→ **Records supplied**
——

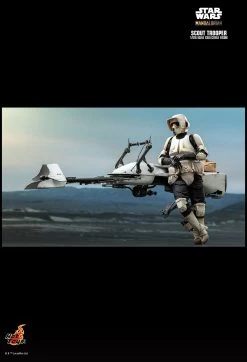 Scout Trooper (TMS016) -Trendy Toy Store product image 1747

——

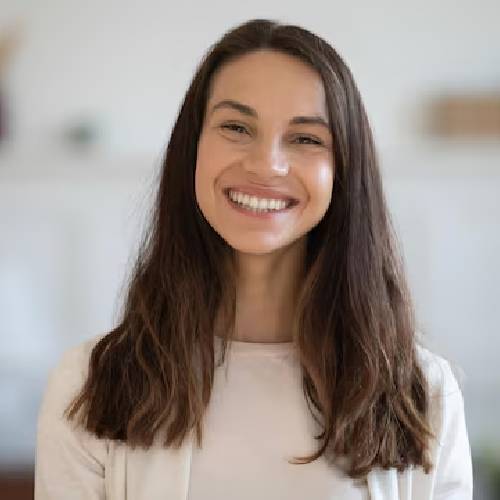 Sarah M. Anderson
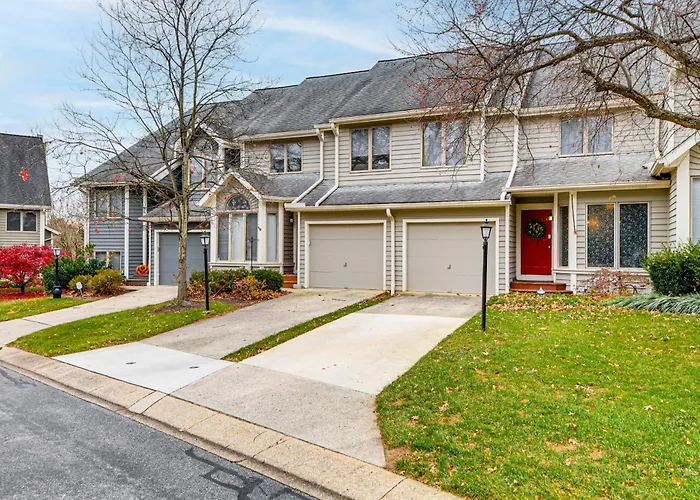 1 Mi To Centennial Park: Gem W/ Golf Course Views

——

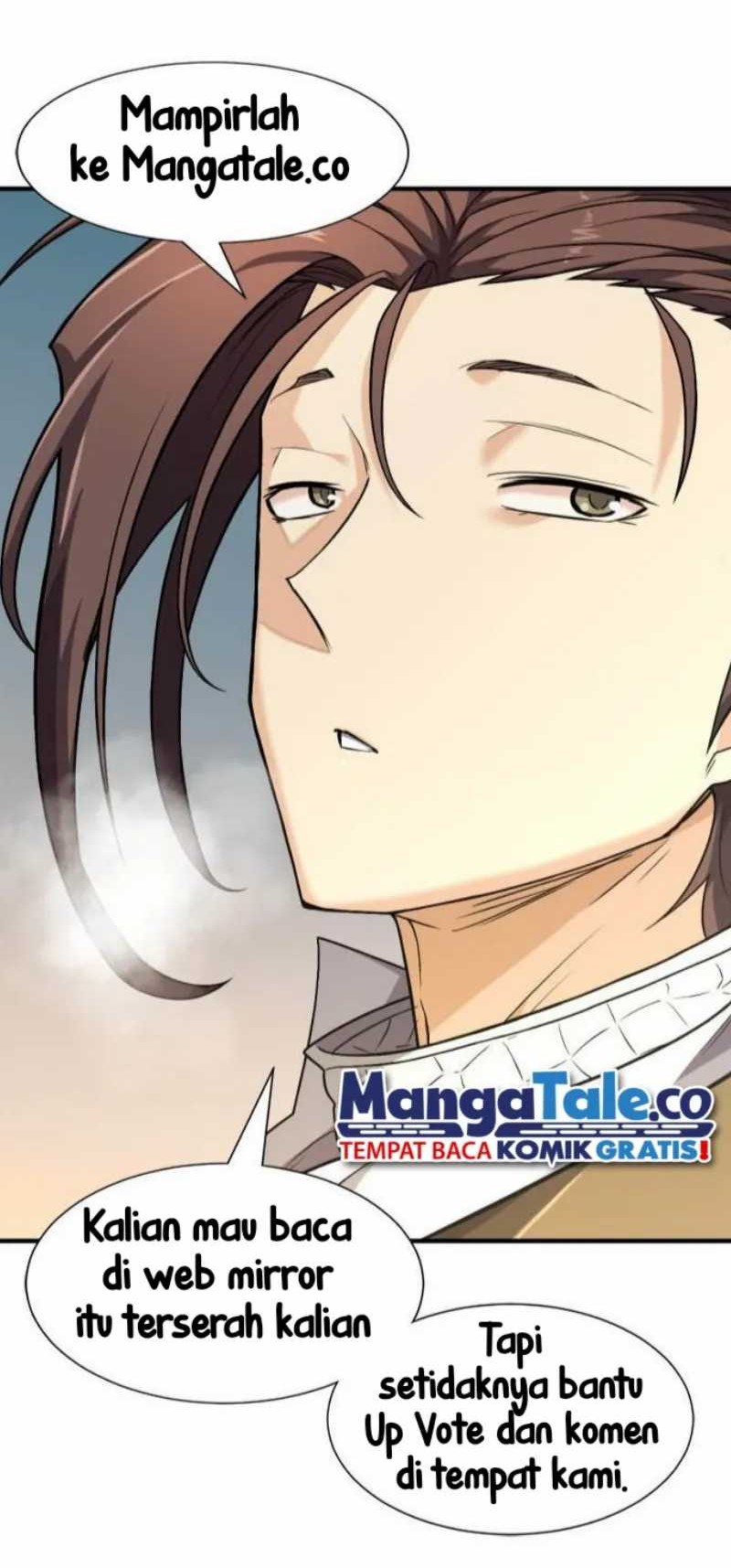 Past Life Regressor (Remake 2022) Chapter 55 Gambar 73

——

→ **Aim of the exercise**
With the pictures omitted, restate word for word the lines above from the line that has "Sarah M. Anderson" up to and including the line that has "1 Mi To Centennial", and no other lines.

→ **Output of the task**
 Sarah M. Anderson
 1 Mi To Centennial Park: Gem W/ Golf Course Views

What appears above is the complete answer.